6700600-1963_27_05.jpg
Digital In Arbeit

Schule der Demokratie?

Werbung
Werbung
Werbung

Dieses Beispiel mag für viele andere derselben Art stehen: Eine Mutter äußert sich vor einem großen öffentlichen Forum sehr skeptisch über die Erziehung der Jugend für die Werte und Ideale der Demokratie an unseren Schulen. „Auf die Schule kann man wenig Hoffnung setzen! Daher muß jede Mutter ihre Kinder selbst so erziehen, daß sie dereinst als Erwachsene nicht den Schalmeien irgendeines politischen Rattenfängers erliegen!“

Vorwürfe solcher Art werden in der Öffentlichkeit nicht selten laut, und man ist geneigt, Pauschalurteile über die „Verantwortlichen“ zu fällen. Höchst selten scheint man sich die Gewissensfrage zu stellen: Ist die Schule von heute in ihrer spezifischen Organisation überhaupt in der Lage, jenen Aufgaben gerecht zu werden, die die Öffentlichkeit von ihr erwartet? Ist der Vorwurf ihres „Versagens“ bloß ein Versagen einzelner „Repräsentanten“ oder eine Schwäche, ein Grundübel des „Apparates“ schlechthin?

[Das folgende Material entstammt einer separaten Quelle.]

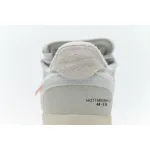 Nike Air Force 1 Low Off-White AO4606-100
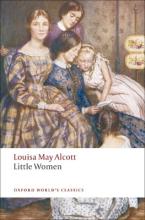 OXFORD WORLD CLASSICS : LITTLE WOMEN Paperback B FORMAT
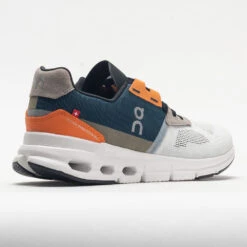 On Running On Cloudrift Women's Ivory/Storm -Sports Shoe Store 048887 6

Es ist eine Tatsache: In letzter Zeit versucht man von behördlicher Seite die Vermittlung staatsbürgerlichen Wissensgutes an die Jugend zu intensivieren. Man kann annehmen, daß den Bemühungen ein gewisser Erfolg beschieden sein wird: Es wird wohl in Zukunft weniger Schulabgänge als bisher geben, die etwa den Namen des Bundespräsidenten nicht zu nennen wissen oder einen gewissen Heinrich Himmler für einen amtierenden österreichischen Bundesminister halten. Es steht also außer Frage, daß man mit schulbehördlichen Erlässen und Verordnungen mittelbar die staatsbürgerliche Bildung des jungen Österreichers heli““ kann.

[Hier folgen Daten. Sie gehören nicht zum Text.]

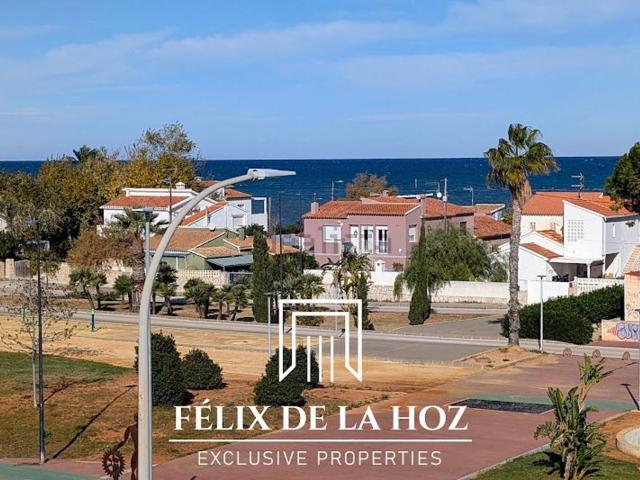 Piso, Les Bassetes El Marjal, Denia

Man scheint sich aber über eines zu wenig Gedanken zu machen: Die erfolgreiche Vermittlung von staatsbürgerlichem Wissensgut ist keinesfalls identisch mit Erziehung zur Demokratie, sie bildet höchstens eine Ausgangsbasis dafür. „Demokratie“ läßt sich nämlich nicht mit Erlässen und Verordnungen „lehren“ und „lernen“, wenn man darunter mehr versteht als die formelhafte mechanische Handhabung gewisser Spielregeln, deren Beachtung wohl auch zur Demokratie gehört, die aber nicht ihr Um und Auf verkörpern. Echte Demokratie — Ortega y Gasset nennt sie die „edelste Losung, die auf dem Erdball je erklungen ist“ — vermag nur dort zu gedeihen, wo einer möglichst großen Zahl von Menschen jene Grundhaltung der Toleranz zu eigen ist, die „überall eine Stelle für jene frei sein läßt, die anders denken und fühlen, und wo man den Entschluß wahrmacht, mit dem Feind, mehr noch: mit dem schwachen Feind zusammen zu leben.“

Werden an unseren Schulen die jungen Menschen bewußt in solch einem Geiste erzogen und gelenkt? Wir müssen es bezweifeln. Warum? Weil sich die österreichische Schule in ihrer Struktur bis heute nur höchst unvollkommen den Erfordernissen des demokratischen Zeitalters angepaßt hat. weil sie ihren eigenen Prozeß der Demokratisierung nicht hinter sich, sondern noch vor sich hat — trotz neuen Schulgesetzen! Auch für sie gilt, was für viele andere Institutionen unseres Staates gilt: man spielt das Spiel der Demokratie,

Von der Masse der Lehrer ein auf eine demokratische Gesellschaftsordnung hin besonders akzentuiertes Wirken zu erwarten, hieße sie überfordern. Denn auch der Pädagoge vermag nicht wurzellos, gleichsam in einem ..Vakuum“, erfolgreich für die Demokratie zu wirken und zu erziehen. Was ihn vor allem daran hindert, sind die antiquierten Äußerungsformen des alten Obrigkeitsstaates, von denen die Schule der Gegenwart noch immer geprägt ist.

Der „Untertan“

Man muß sich eines ins Gedächtnis rufen: Unsere Schule steilt dem inneren Aufbau nach ein Produkt des aufgeklärten Absolutismus dar. Da bei ihrer Organisation Maria Theresia und Friedrich der Große Pate gestanden sind, erhielt sie ihre entscheidende Formung durch absolutistische Prinzipien. Also verkörperte der einzelne Lehrer das unterste Glied in einer hierarischen Ordnung. Wohl entsprangen in der Folge wiederholt Auseinandersetzungen zwischen Kirche und Staat hinsichtlich der obersten Leitung

und Führung, doch wirkte sich dies nur kaum nennenswert auf die Struktur der Schule als solcher und auf die Stellung des Lehrers aus. Er verblieb immer in einem ausgesprochenen „Untertanenverhältnis“, also ohne Mitspracherecht. Wohl räumte das Reichsvolksschulgesetz 1869 den Lehrern gewisse demokratische Rechte ein, doch später wurden diese teilweise wieder beschnitten.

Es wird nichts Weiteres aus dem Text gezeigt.